Where's everyone getting these heavy duty nylons from???


----------



## Kutusov (Apr 19, 2010)

Oh yeah! Best strap there is for a Vostok! Very nice Amphibia too. These dials remind me a bit of a periscope sight (horizon, elevation and compensation lines.)

Congrats!


----------



## Kutusov (Apr 19, 2010)

KrispyDK said:


> Where's everyone getting these heavy duty nylons from???
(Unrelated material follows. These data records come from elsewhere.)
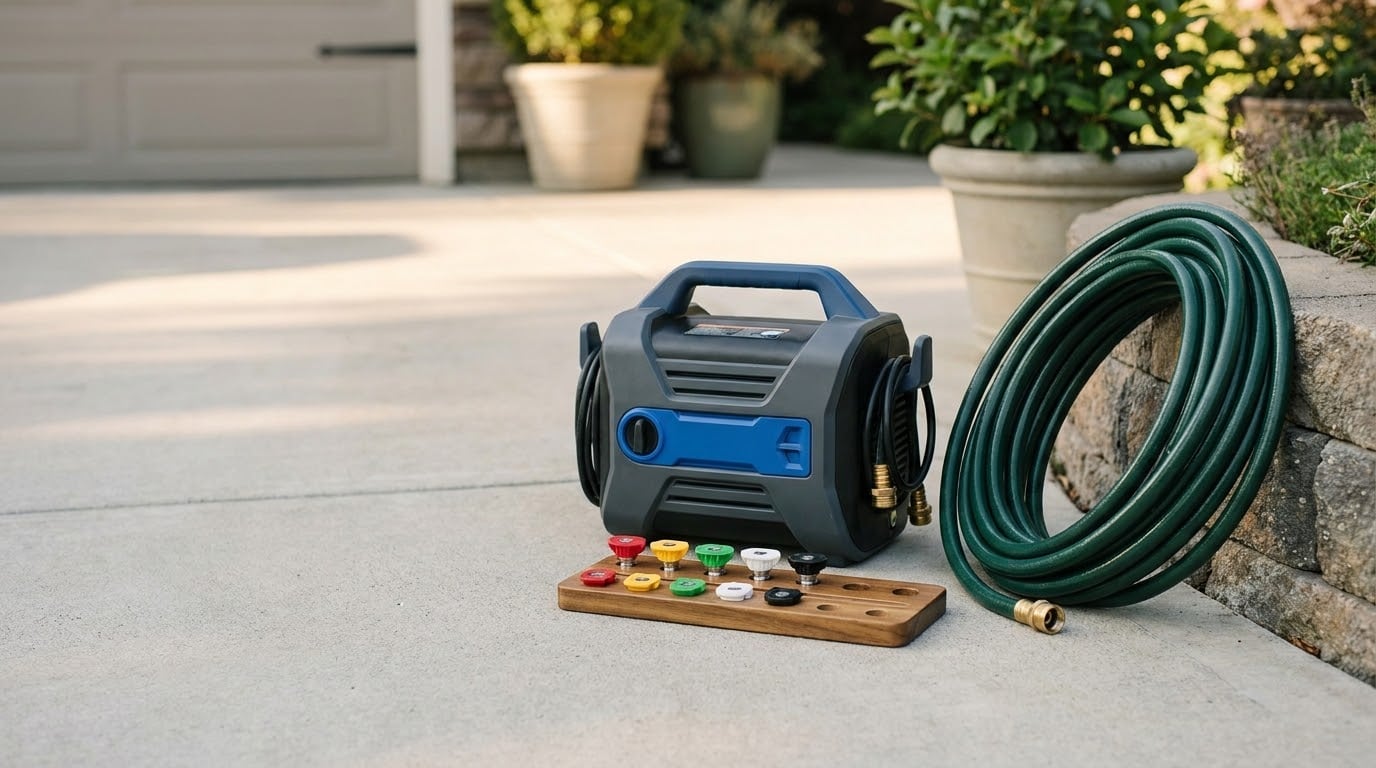how to pressure wash a house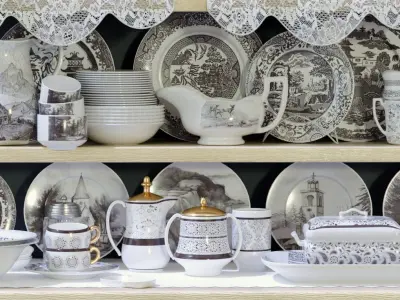 Large classic set 3D model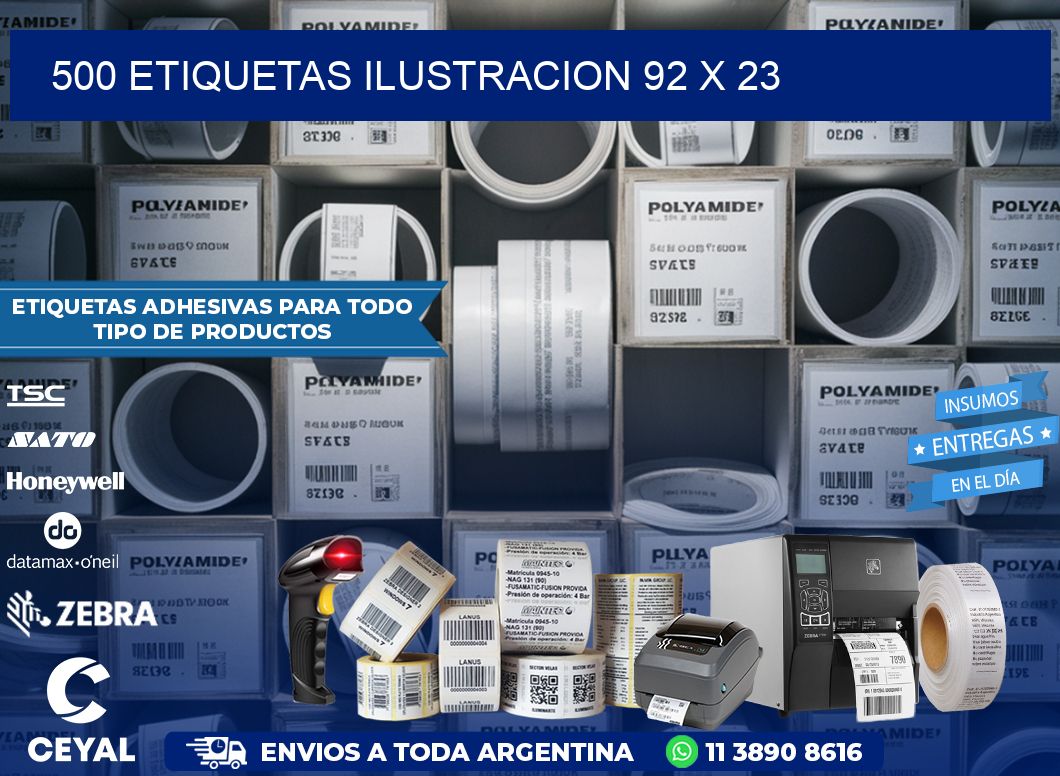 500 ETIQUETAS ILUSTRACION 92 x 23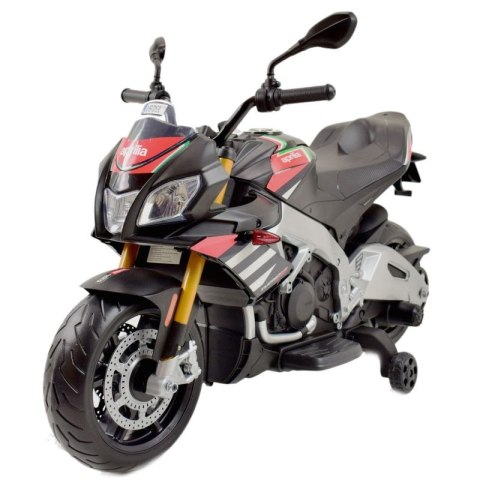 Motocykl Elektryczny APRILIA TUONO V4 – Miękkie Koła EVA, Silniki 45W, Światła LED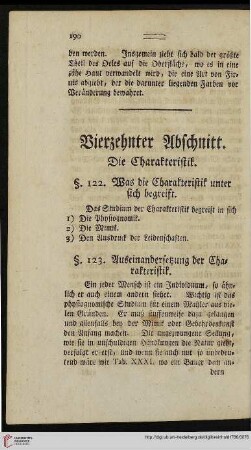 Vierzehnter Abschnitt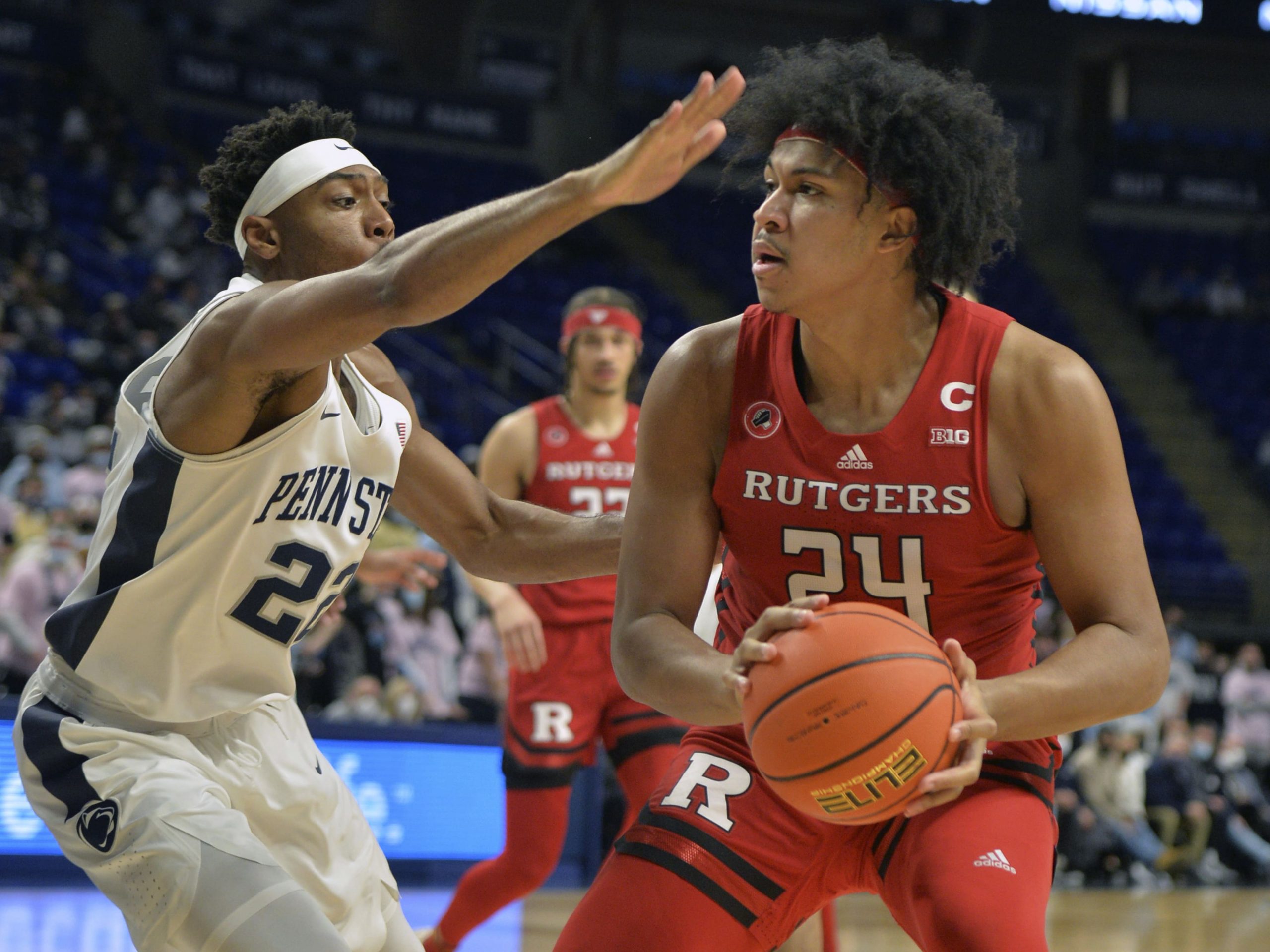 Ron Harper Jr. of the Rutgers Scarlet Knights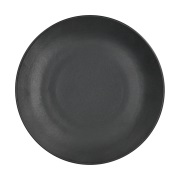 Scandi Living Terra ruokalautanen Musta kivitavara, Ø26,5 cm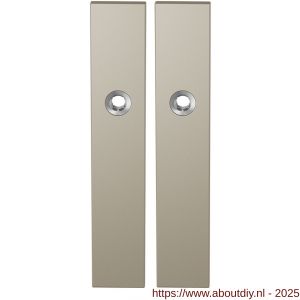 GPF Bouwbeslag Anastasius 1125.A4 blind langschild rechthoekig enkelverend 218x40x8,5 mm blind Champagne blend - A21011207 - afbeelding 1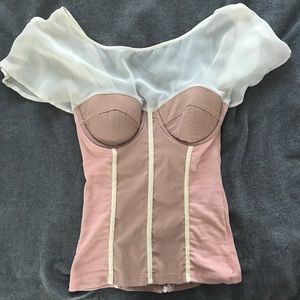 ASOS Corset top back zipper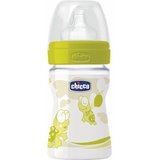 Chicco BibeChicco Biberon Benessere Flusso Normale Tettarella Caucciù 0M+ 150ml ron Benessere Flusso Normale Tettarella Caucciù 0+ 150ml 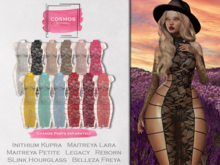 [COSMOS] Ashley Bodycon Dress Flower / 12 Colors Fatpack Demo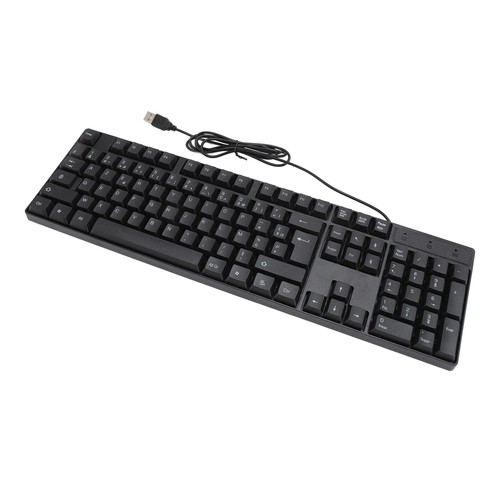 K1800 Minority Language Keyboard 104 Keys 4.2ft Cable Ergonomic Design USB Wired - Picture 18 of 24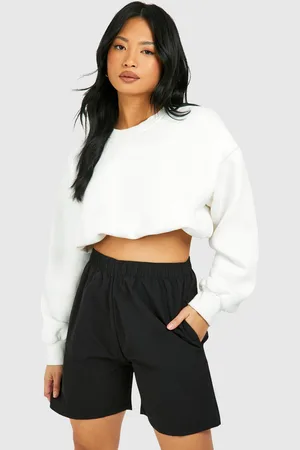 Boohoo Womens Petite Longline Parachute Shorts - - Size 8 UK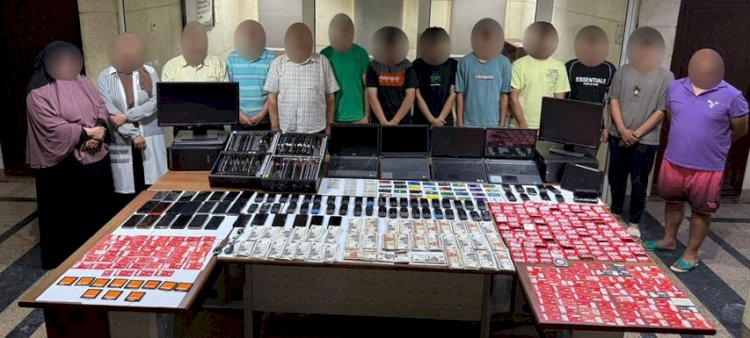 القبض علي أخطر تشكيل عصابى للنصب على المواطنين عبر شبكة الانترنت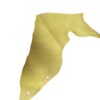 CKHD0188 Yellow leather hide on white background.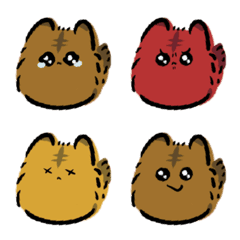 Persian cats chinchilla golden Emoji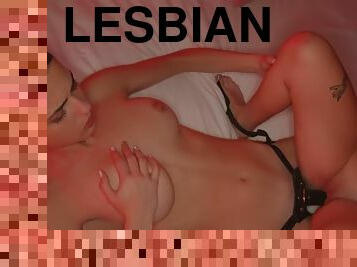 mastubasi, lesbian-lesbian, alat-mainan-seks, dicukur, berambut-cokelat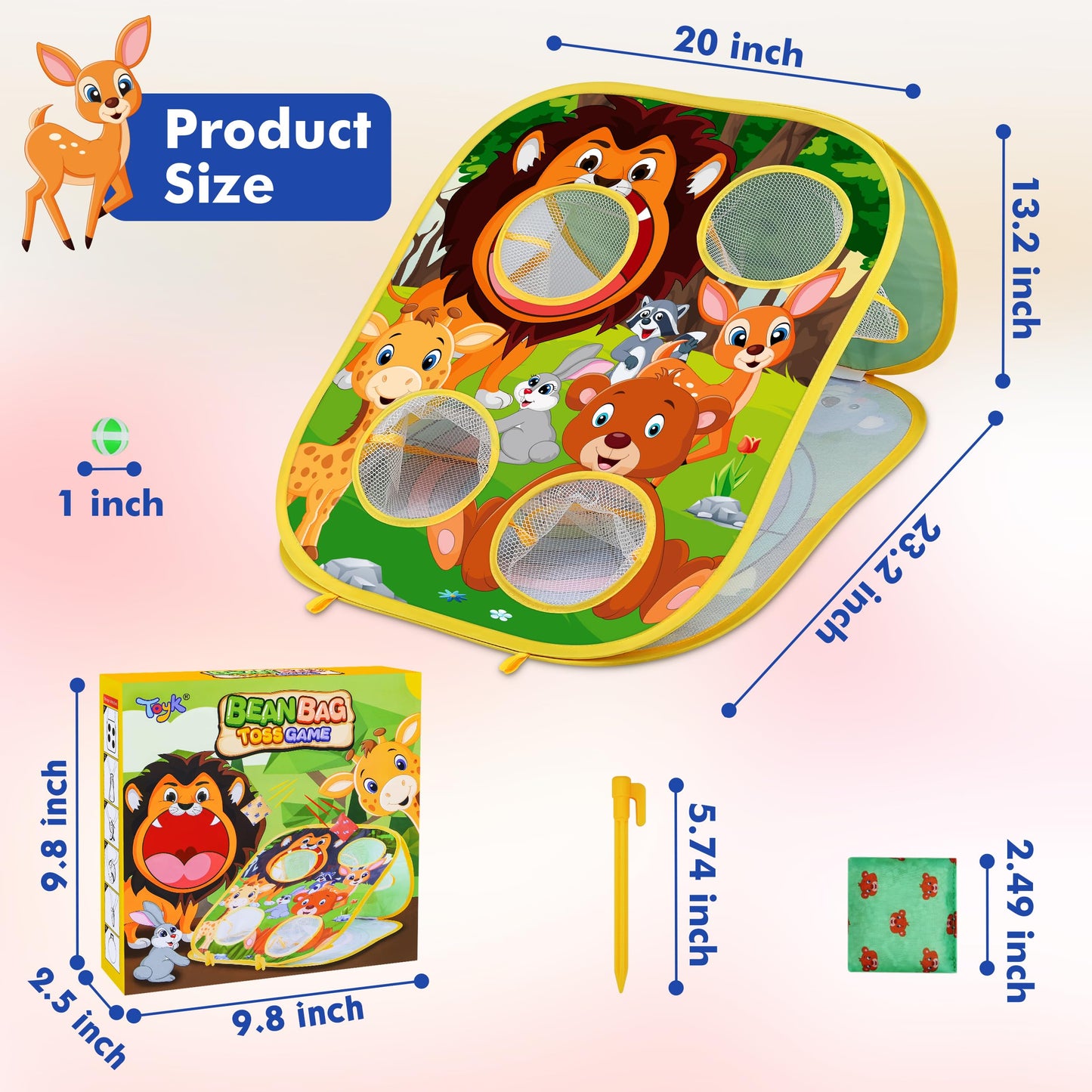 Animal Bean Bag Toss Game Toys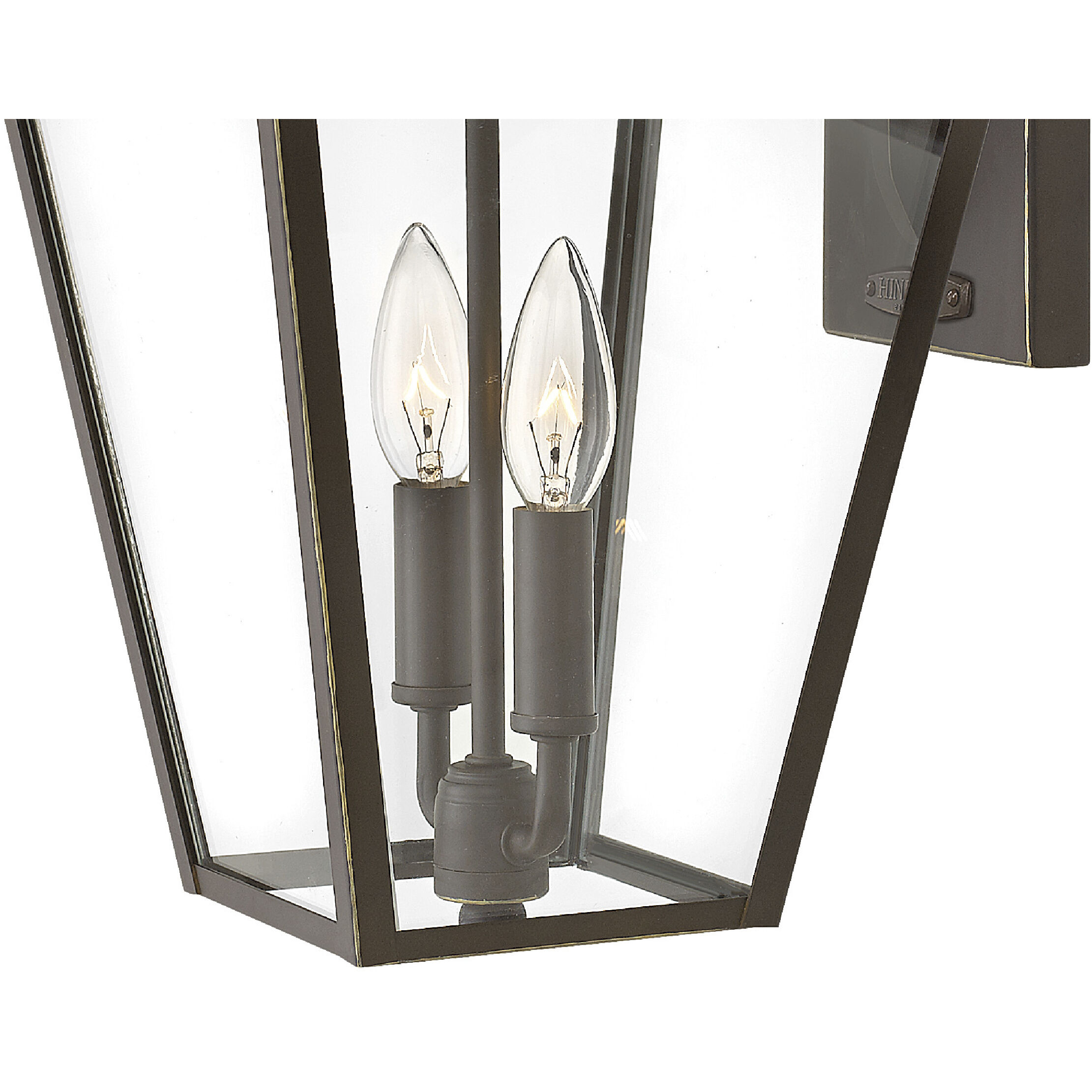 Estate Series Alford Place LED 18 inch Oil Rubbed Bronze Outdoor Wall Mount Lantern, Medium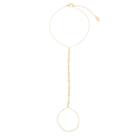 Pulseira de mão jamile pontos de luz folheada a ouro 18k
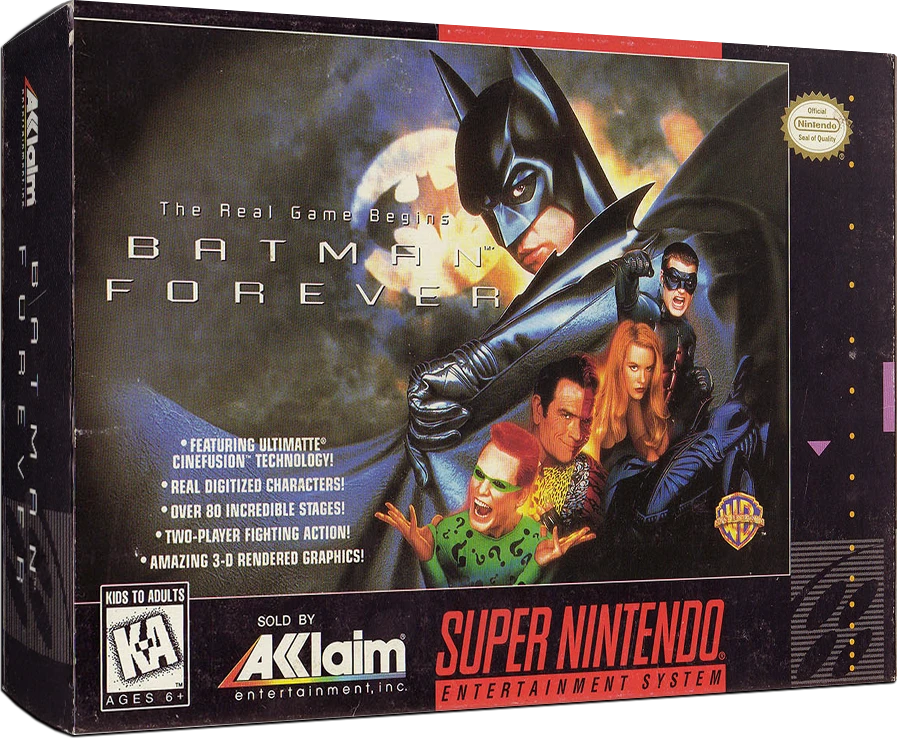 Batman Forever box art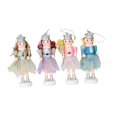 thumbnail image 4 of 4 Pieces Nutcracker Soldier Figure Decor Hanging for Kids Gifts Office Party, 4 of 8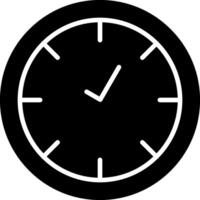 Clock Glyph Icon vector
Shame on you Mr Administrator sir... take a wild guess...


----------



## Krispy (Nov 7, 2010)

Kutusov said:


> KrispyDK said:
> 
> 
> > Where's everyone getting these heavy duty nylons from???
> ...












But OK, where do you find them?? I'll be buggered if I can see them on the sales site?!?!


----------



## martinzx (Aug 29, 2010)

It looks great, love the shade of blue on the dial & pattern

Cheers martin :thumbsup:


----------



## Kutusov (Apr 19, 2010)

KrispyDK said:


> I'll be buggered if I can see them on the sales site?!?!


Some good and bad news...

Good news is... you won't be buggered... and that brings us to the bad news... They aren't there any more!! Over, kaput, finito!! No more HDNs :shocking: :crybaby:

Well, there's the new 2p nylons, they do look good but it would be nice to have a navy blue and an olive green version... they would go nicely with a lot of Vostoks (the Para, blue scuba dude...)


----------



## Draygo (Mar 18, 2010)

howie77 said:


> more strap shots.
> 
> 
> 
> ...


...made for it! :thumbsup:


----------



## dtc2 (Mar 7, 2010)

stumbled across these on ebay last night and was amazed how cheap they are :jawdrop:

just need to decide which colour or colours to go for.

I don't think one will be enough.

blue looks great.


----------



## Vaurien (Jul 19, 2010)

dtc2 said:


> stumbled across these on ebay last night and was amazed how cheap they are :jawdrop:
> 
> just need to decide which colour or colours to go for.
> 
> ...


Blue IS great :man_in_love:


----------